Face à face : « L'Immeuble d'en face », par Vanyda. Chez La boîte à bulles.
Aucun mot ne me vient à l'esprit en lisant et relisant cet Immeuble d'en face, tant l'uvre est forte, mature, sensible, foisonnante, etc.. À l'heure où les récits du quotidien semblent à la mode en BD, mais donnent lieu trop souvent à des histoires artificielles ou nombrilistes, Vanyda réussit le double pari de ne pas parler d'elle - mais des autres... donc, potentiellement, de nous - et de nous proposer un récit qui « sonne juste ». Les événements du quotidiens sont disséqués avec intelligence ; le moindre acte, même anodin, est restitué avec sensibilité et éveille en nous des émotions simples.
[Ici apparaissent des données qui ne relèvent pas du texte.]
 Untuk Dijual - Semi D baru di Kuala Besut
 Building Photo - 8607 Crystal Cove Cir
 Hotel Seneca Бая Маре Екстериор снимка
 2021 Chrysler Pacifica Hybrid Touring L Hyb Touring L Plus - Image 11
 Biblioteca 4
Outre la qualité narrative de chacune des petites anecdotes racontées, Vanyda réussit à un autre exercice difficile : faire cohabiter ses références franco-belges et ses influences manga. Là aussi, l'auteur évite le piège du « plaquage artificiel » d'un code sur l'autre (comme trop jeunes auteurs qui sévissent en S-F et fantasy pour le moment), au profit d'une réelle fusion des contraintes graphiques des deux « écoles ». Vraiment, cet Immeuble d'en face est un lieu dans lequel on aime revenir... pour le plaisir !
Je viens de lire, de Michael Day.
Face à face : « L'immeuble d'en face », par Vanyda. A La Boîte à Bulles.
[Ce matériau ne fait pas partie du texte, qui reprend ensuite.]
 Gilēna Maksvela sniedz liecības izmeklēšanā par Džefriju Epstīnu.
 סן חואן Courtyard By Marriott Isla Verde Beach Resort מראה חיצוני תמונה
Modérément séduit par le scénario de « L'année du dragon » récemment paru chez Carabas, j'avais toutefois apprécié le graphisme de cette nouvelle venue, Vanyda. C'est donc avec un a priori positif que j'ai ouvert « L'immeuble d'en face », sans me douter que j'allais recevoir un coup de poing à l'estomac en lisant l'autre Vanyda, la scénariste.
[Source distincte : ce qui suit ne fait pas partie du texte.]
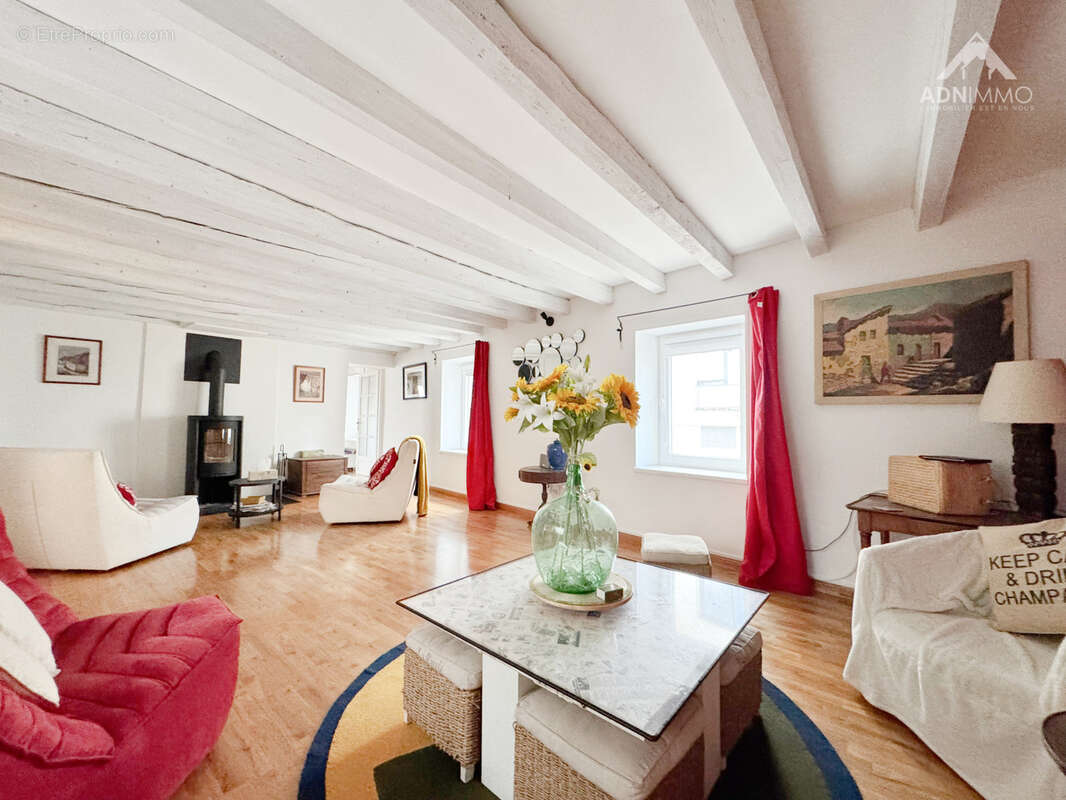 Maison à PERON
Composé de petits tableaux sur des instantanés de la vie de trois couples habitant le même immeuble, le livre ne se laisse apprivoiser que lentement. On est d'abord surpris par les cadrages et le découpage, extrêmement inventifs et jamais gratuits. Vanyda travaille à l'économie, mais elle sait surprendre l'oeil. On est ensuite séduit par la justesse des détails : les dialogues semblent tous avoir été captés sur le vif, les positions des personnages lorsqu'ils parlent ou se déplacent semblent l'avoir été tout autant. Ce n'est qu'après la lecture des vingt ou trente premières pages, lorsqu'on a fait la connaissance de cette maman enceinte et de son petit garçon, de ce couple d'un certain âge avec son dogue allemand et de ces deux adorables jeunes amoureux habitant au dernier étage de l'immeuble que l'on prend la mesure de ce que Vanyda nous raconte. Sans y toucher, elle tise une toile de la vie quotidienne d'une justesse de ton et d'une intelligence qui relèguent les tentatives du genre « Pyjama party », « Les filles » et autres BD du quotidien au rang de pâles ersatz. Tout sonne juste. Et rien n'est là par hasard. De tableau en tableau, on avance dans une histoire qui joue à cache cache avec le lecteur. On mesure bientôt à quel point ces personnages semblent sortis de NOTRE immeuble d'en face, tant ils nous paraissent vrais, existants, proches. Et lorsqu'on referme ce livre, on se dit que sans aucun doute, on vient de lire la première histoire d'un futur grand auteur. Vanyda possède tout, malgré son jeune âge : un oeil aiguisé, une patte personnelle, mais aussi et surtout un talent rare, celui-là même que souligne Frédéric Boilet dans la préface de ce livre -elle sait raconter des histoires. Comme personne.